Fawcett’s family emigrated to Canada in 1913, and then to New York six years later. He had left school at 14 and apprenticed himself to an engraving shop. He worked at a series of routine jobs, saving his money until he had accumulated $1,000, enough to support him for two years of study at the Slade School of Art in London.
At Slade, Fawcett underwent rigorous training in drawing and became acquainted with the groundbreaking work of artists such as Picasso, Matisse, Rouault, and Braque. About a visit to Paris, he recalled, “We would just go to the Louvre and look at the pictures – steep ourselves. This is real studying, the other is just the acquisition of mechanical technique.”

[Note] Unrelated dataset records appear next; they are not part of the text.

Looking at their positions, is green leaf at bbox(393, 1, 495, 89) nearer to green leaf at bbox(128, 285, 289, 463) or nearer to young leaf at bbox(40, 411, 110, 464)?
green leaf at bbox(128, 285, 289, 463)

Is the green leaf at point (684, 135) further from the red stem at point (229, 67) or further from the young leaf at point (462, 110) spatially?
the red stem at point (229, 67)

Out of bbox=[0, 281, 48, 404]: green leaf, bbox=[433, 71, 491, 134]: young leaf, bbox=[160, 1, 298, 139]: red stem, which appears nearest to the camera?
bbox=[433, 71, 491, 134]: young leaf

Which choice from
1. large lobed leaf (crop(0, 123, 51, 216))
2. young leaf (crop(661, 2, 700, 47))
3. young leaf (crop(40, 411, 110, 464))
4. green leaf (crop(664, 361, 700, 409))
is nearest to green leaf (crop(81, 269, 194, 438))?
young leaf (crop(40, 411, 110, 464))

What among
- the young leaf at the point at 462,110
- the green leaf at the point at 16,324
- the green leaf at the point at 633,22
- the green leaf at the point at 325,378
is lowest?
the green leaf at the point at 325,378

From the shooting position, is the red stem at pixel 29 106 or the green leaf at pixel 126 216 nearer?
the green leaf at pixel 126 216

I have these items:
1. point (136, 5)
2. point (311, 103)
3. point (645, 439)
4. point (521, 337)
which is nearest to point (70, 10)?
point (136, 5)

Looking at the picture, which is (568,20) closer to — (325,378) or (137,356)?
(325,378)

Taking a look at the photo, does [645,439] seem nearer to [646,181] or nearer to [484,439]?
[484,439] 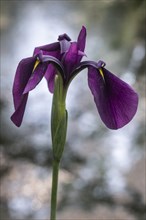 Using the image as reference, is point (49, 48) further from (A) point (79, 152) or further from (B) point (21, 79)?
(A) point (79, 152)

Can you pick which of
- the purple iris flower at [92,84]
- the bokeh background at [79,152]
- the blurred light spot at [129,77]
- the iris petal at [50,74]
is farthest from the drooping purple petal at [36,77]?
the blurred light spot at [129,77]

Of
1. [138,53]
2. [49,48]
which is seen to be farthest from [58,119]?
[138,53]

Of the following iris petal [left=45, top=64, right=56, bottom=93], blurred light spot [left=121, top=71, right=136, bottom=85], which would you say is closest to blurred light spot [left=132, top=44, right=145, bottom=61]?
blurred light spot [left=121, top=71, right=136, bottom=85]

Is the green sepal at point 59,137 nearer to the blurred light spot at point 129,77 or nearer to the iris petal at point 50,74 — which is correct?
the iris petal at point 50,74

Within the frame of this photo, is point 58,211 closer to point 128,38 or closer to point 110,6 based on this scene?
point 128,38

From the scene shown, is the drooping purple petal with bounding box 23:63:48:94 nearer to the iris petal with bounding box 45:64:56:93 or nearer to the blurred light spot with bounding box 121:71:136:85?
the iris petal with bounding box 45:64:56:93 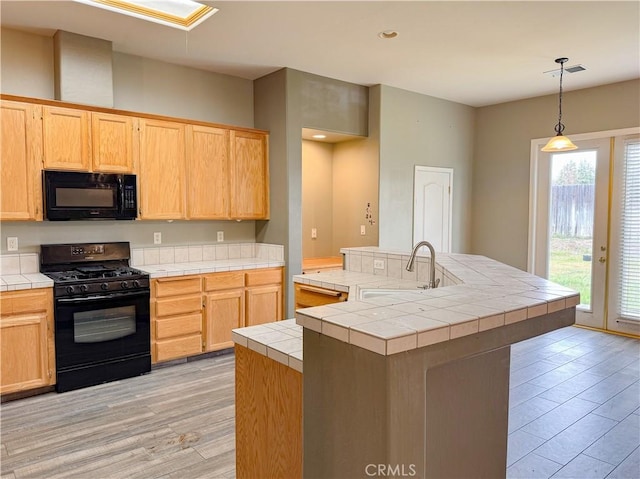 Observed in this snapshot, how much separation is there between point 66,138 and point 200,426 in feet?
8.22

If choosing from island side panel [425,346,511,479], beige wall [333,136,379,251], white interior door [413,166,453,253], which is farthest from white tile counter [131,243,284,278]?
island side panel [425,346,511,479]

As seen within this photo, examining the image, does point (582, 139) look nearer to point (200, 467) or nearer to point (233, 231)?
point (233, 231)

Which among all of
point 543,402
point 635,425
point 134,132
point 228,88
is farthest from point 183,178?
point 635,425

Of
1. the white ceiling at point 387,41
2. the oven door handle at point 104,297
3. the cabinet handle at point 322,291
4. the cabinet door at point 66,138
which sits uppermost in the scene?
the white ceiling at point 387,41

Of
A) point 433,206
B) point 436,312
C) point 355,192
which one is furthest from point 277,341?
point 433,206

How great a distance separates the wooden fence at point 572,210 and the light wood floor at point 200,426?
1868mm

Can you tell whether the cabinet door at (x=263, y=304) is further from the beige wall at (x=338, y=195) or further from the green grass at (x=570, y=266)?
the green grass at (x=570, y=266)

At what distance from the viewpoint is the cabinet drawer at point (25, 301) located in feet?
10.3

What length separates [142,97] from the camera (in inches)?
168

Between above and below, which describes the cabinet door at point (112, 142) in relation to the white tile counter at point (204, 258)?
above

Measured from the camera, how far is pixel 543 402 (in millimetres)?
3254

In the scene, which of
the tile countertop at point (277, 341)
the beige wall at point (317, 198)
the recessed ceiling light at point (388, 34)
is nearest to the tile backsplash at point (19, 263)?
the tile countertop at point (277, 341)

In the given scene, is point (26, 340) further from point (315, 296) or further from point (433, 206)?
point (433, 206)

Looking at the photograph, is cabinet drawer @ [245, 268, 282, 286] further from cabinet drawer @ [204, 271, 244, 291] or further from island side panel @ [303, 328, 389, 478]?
island side panel @ [303, 328, 389, 478] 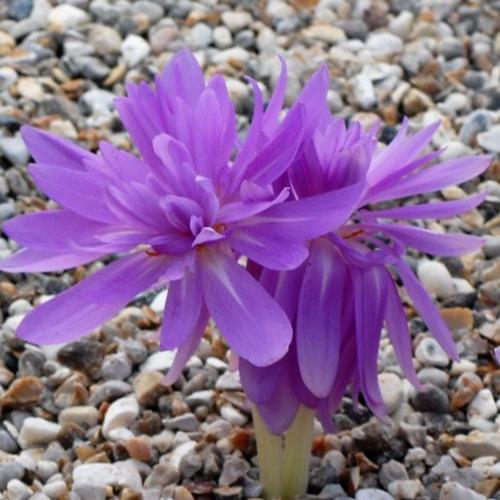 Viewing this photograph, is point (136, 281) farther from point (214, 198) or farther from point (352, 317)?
point (352, 317)

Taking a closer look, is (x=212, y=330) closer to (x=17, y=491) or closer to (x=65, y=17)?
(x=17, y=491)

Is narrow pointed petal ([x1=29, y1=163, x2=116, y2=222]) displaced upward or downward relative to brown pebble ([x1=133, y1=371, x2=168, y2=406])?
upward

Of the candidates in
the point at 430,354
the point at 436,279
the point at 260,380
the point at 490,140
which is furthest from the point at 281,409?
the point at 490,140

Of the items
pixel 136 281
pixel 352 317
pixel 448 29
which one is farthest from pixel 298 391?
pixel 448 29

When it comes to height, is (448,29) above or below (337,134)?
below

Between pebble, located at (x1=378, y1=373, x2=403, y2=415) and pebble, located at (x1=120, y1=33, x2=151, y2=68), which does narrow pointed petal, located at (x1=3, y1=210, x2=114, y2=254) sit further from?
pebble, located at (x1=120, y1=33, x2=151, y2=68)

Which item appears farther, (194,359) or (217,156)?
(194,359)

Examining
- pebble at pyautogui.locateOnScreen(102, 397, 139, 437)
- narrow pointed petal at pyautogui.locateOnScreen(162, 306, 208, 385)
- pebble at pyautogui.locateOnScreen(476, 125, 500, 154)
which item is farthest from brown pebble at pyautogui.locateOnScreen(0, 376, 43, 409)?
pebble at pyautogui.locateOnScreen(476, 125, 500, 154) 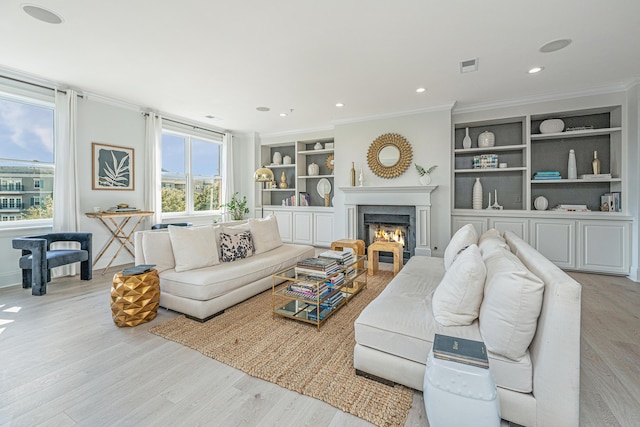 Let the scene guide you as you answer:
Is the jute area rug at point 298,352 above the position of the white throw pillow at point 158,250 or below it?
below

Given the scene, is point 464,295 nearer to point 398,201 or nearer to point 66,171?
point 398,201

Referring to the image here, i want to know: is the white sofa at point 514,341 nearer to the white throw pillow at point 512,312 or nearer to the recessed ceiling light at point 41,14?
the white throw pillow at point 512,312

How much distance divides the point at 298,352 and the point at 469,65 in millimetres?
3571

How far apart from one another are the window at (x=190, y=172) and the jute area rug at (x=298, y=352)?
3.68 m

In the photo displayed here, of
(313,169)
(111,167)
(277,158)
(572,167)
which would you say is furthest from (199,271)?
(572,167)

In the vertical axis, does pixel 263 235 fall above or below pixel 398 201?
below

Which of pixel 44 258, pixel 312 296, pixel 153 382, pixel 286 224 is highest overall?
pixel 286 224

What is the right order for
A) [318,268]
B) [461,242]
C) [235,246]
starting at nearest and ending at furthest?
[461,242], [318,268], [235,246]

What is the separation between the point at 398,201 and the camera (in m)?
5.04

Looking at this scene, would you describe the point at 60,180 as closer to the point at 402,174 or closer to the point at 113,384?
the point at 113,384

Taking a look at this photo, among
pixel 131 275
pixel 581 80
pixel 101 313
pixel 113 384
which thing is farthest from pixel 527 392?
pixel 581 80

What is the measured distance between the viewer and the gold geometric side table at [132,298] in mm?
2461

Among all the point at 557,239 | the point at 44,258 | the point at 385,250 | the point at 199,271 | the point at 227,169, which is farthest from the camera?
the point at 227,169

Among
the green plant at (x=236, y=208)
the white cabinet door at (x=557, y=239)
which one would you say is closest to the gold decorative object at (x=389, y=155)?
the white cabinet door at (x=557, y=239) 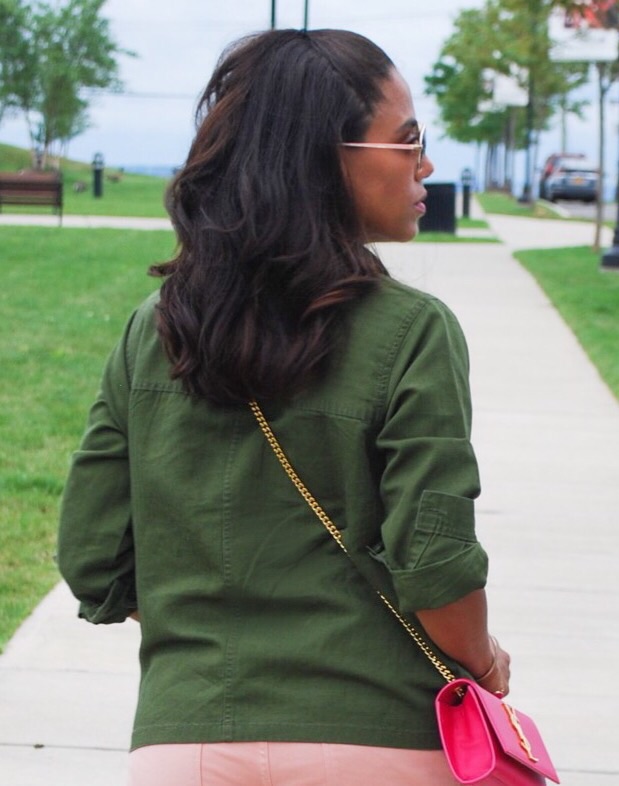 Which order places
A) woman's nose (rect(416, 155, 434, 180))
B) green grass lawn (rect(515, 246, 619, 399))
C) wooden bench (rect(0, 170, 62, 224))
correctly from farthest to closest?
wooden bench (rect(0, 170, 62, 224))
green grass lawn (rect(515, 246, 619, 399))
woman's nose (rect(416, 155, 434, 180))

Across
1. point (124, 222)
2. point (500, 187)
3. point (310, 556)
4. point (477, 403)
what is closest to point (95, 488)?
point (310, 556)

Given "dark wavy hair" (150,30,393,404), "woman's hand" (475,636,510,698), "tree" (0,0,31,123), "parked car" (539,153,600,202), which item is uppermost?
"tree" (0,0,31,123)

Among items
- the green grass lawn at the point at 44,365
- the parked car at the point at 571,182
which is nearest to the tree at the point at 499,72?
the parked car at the point at 571,182

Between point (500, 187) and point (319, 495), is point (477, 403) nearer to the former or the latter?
point (319, 495)

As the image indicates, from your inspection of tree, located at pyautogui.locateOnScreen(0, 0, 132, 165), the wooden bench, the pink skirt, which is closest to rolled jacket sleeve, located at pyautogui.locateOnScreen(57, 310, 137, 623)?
the pink skirt

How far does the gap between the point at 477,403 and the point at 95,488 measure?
23.1 ft

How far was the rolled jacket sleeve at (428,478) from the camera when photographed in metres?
1.67

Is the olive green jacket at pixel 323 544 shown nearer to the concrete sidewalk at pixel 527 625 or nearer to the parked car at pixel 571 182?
the concrete sidewalk at pixel 527 625

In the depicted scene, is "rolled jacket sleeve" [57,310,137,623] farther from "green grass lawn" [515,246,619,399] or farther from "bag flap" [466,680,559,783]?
"green grass lawn" [515,246,619,399]

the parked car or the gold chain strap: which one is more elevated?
the gold chain strap

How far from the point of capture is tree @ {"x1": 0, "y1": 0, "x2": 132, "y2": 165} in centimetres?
5716

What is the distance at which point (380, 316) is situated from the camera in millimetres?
1727

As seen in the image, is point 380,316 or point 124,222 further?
point 124,222

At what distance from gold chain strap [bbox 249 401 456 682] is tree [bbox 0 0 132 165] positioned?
56.4 m
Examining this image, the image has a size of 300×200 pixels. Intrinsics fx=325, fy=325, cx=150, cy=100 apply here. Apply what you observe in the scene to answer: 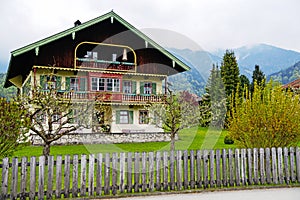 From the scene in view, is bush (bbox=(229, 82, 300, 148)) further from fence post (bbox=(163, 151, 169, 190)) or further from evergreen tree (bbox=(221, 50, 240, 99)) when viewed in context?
evergreen tree (bbox=(221, 50, 240, 99))

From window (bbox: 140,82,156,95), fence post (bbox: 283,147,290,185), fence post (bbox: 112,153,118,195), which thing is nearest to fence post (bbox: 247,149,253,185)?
fence post (bbox: 283,147,290,185)

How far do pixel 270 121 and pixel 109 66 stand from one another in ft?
61.6

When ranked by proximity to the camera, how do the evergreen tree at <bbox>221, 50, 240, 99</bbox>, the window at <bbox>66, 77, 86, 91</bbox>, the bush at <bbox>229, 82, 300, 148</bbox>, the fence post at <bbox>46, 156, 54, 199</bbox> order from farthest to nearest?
the evergreen tree at <bbox>221, 50, 240, 99</bbox>
the window at <bbox>66, 77, 86, 91</bbox>
the bush at <bbox>229, 82, 300, 148</bbox>
the fence post at <bbox>46, 156, 54, 199</bbox>

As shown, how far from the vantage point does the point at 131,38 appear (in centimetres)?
2869

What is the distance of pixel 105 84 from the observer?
1083 inches

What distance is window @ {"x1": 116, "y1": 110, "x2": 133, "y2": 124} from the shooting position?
92.1 feet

Returning to New York, Fawcett did only enough commercial work to keep himself alive, while working furiously at his easel paintings. Within two years he was given a one-man show, and two-thirds of his paintings sold. However, he became disillusioned with the culture of the gallery world, feeling that creating illustrations was a more honest way to sell art. He determined that his easel paintings would be given to friends or saved for his own enjoyment. Beginning in 1944, he embarked on a long career supplying story illustrations to The Saturday Evening Post, among other magazines.
In later years, he turned to reportorial assignments, including a piece on Oxford, Mississippi, for Look magazine.
Fawcett was called “the illustrator’s illustrator,” because it took a trained eye to appreciate the excellence of the drawing and the masterful use of color that are combined in his technique. However, he never lost sight of his audience, the reading public. He felt that illustrators have a great responsibility because, he said, “We represent the only view of art, of beauty, to millions of people. If we do less than our best, we cheat them.”